• Stored data:
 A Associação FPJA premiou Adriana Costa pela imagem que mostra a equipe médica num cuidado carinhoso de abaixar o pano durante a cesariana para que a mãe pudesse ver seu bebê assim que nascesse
---
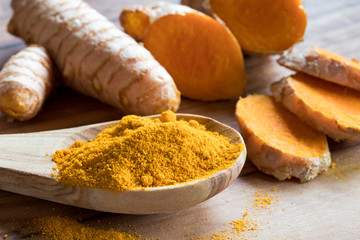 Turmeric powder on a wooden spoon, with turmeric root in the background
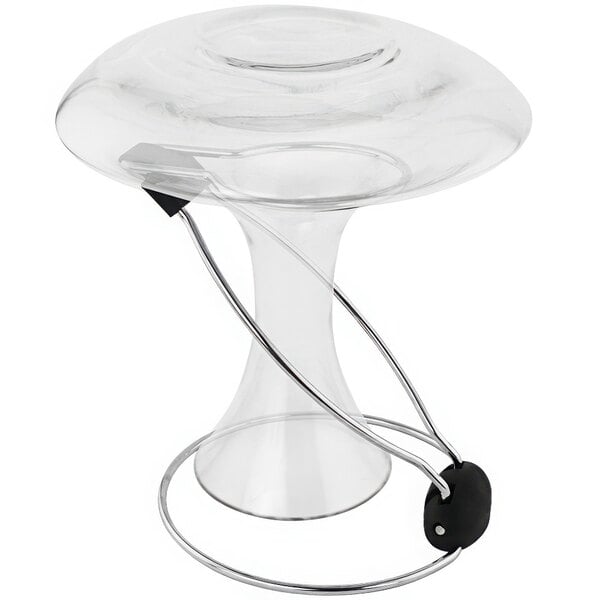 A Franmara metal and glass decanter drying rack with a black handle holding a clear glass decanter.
==
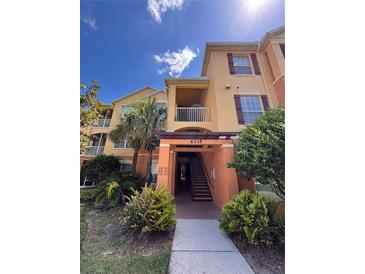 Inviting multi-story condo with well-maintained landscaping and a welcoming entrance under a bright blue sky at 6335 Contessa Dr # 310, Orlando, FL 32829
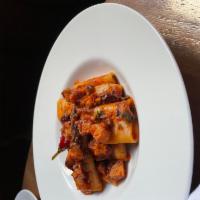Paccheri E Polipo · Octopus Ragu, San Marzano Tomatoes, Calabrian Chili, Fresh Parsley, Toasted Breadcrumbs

• Exercise instructions:
Give again, exactly as written above, every line from the one holding "Turmeric powder on" to the one holding "A Franmara metal", with both ends kept and the pictures left out.

• Answer to this task:
 Turmeric powder on a wooden spoon, with turmeric root in the background
 A Franmara metal and glass decanter drying rack with a black handle holding a clear glass decanter.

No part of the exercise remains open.